Por Claudia Elisa Saquicela (Ecuador)
En el solaz del altar, donde amor y amistad se entrecruzan,
reposa, oh alma mía, fija en tu propósito, sin divagar,
cual hoja que, desafiante, se niega al capricho del viento.
Besa, no en busca de un placer fugaz,
sino cual explorador de misterios, en cada contacto descubre
la belleza emergente, semejante a la flor en su albor,
que, bajo el sol primaveral, desentraña lo divino.
Ama con la intensidad de quien se consagra,
con la elegancia sublime que solo lo etéreo
puede inculcar en los corazones fusionados.
Los amantes, en su irreverencia y lealtad,
no temen al fuego que, al consumir, renueva
y otorga vida nueva con cada roce, con cada gesto de ternura.
Se someten y rebelan, con una pasión incandescente,
a las normas de un ser en constante evolución,
como la mariposa que, triunfante, emerge de su crisálida.

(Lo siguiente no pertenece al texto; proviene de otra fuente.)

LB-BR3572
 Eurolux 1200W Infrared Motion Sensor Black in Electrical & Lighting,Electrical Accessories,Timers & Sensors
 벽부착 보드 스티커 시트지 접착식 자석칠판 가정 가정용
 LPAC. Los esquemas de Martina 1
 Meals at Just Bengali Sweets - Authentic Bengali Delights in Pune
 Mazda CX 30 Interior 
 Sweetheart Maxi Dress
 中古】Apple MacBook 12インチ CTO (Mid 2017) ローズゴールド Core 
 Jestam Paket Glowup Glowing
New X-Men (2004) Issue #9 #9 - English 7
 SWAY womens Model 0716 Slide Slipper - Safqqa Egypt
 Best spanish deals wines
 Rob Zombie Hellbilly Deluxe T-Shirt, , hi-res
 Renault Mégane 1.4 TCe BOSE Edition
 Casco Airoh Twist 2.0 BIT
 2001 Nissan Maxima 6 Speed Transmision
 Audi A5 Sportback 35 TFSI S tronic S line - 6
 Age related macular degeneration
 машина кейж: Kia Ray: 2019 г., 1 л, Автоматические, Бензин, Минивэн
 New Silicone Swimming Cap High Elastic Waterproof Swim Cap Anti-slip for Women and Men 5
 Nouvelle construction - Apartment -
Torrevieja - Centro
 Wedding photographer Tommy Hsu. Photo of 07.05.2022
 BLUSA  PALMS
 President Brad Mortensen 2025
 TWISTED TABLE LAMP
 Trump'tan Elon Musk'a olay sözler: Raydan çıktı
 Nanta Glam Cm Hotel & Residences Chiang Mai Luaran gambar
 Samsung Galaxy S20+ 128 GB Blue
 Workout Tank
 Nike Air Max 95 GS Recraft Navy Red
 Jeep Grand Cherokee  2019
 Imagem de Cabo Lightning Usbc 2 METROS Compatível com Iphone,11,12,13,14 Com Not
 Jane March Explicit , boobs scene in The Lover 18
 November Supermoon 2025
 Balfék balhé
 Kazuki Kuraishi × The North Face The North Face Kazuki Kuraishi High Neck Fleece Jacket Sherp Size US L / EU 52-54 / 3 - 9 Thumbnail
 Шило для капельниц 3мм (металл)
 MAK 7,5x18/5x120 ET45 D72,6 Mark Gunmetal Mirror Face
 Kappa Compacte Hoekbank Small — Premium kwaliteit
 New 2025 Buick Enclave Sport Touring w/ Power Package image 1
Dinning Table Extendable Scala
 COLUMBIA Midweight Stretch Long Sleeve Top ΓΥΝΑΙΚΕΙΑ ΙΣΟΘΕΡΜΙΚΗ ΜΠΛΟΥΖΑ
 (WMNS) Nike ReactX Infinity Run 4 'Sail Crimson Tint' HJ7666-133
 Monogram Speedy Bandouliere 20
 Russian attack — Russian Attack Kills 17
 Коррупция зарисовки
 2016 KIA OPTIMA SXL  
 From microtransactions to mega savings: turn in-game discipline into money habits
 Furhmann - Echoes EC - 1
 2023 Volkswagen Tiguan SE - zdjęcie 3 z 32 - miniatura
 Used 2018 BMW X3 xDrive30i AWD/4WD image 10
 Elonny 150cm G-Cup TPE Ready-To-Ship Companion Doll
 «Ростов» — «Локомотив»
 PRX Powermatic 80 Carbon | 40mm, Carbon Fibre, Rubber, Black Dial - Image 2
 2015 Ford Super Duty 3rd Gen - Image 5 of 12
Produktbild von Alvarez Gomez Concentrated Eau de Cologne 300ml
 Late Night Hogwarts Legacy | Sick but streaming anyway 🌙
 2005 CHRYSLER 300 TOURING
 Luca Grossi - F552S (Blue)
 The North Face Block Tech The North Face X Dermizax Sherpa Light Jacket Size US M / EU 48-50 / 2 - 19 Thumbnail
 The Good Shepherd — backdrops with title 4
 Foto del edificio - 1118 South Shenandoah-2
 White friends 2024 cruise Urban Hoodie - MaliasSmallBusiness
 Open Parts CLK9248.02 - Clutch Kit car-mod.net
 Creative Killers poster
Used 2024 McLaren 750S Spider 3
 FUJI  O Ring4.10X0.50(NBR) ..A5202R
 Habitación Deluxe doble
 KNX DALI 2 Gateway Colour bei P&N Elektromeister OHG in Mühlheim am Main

Surcan el raudal de la pasión, guiados por el respeto,
dejando que el amor oriente, faro en su travesía,
luz que guía en la profundidad de la noche.
Almas que, en el crisol del amor, se robustecen,
hallando en la adversidad la fortaleza para tocar lo divino,
como el acero que el fuego purifica.
Se moldean en el yunque de la pena y el júbilo compartidos,
y, en la fragua, el corazón valiente resplandece,
brillando con la pureza del oro recién fundido.
Transforman cada aflicción en fuerza y audacia,
y permiten que el dolor se convierta en júbilo cristalino,
como la oscuridad que se disipa al amanecer.
Cuando los cuerpos tiemblan en comunión profunda,
son como flores al alba, saciándose del rocío nuevo,
absorbiendo la quintaesencia de la vida.
Los espíritus emergen, destilados y purificados, consumados,
como el vino que, con el tiempo, alcanza su excelencia.
«¿Cómo amar?», te preguntas, mirando en el alma desplegada.
Contempla tu esencia en la calma del ser querido y encontrarás,
reflejada, la esencia más sagrada: el amor,
dádiva celestial sin par, inmensurable, perenne y sincero.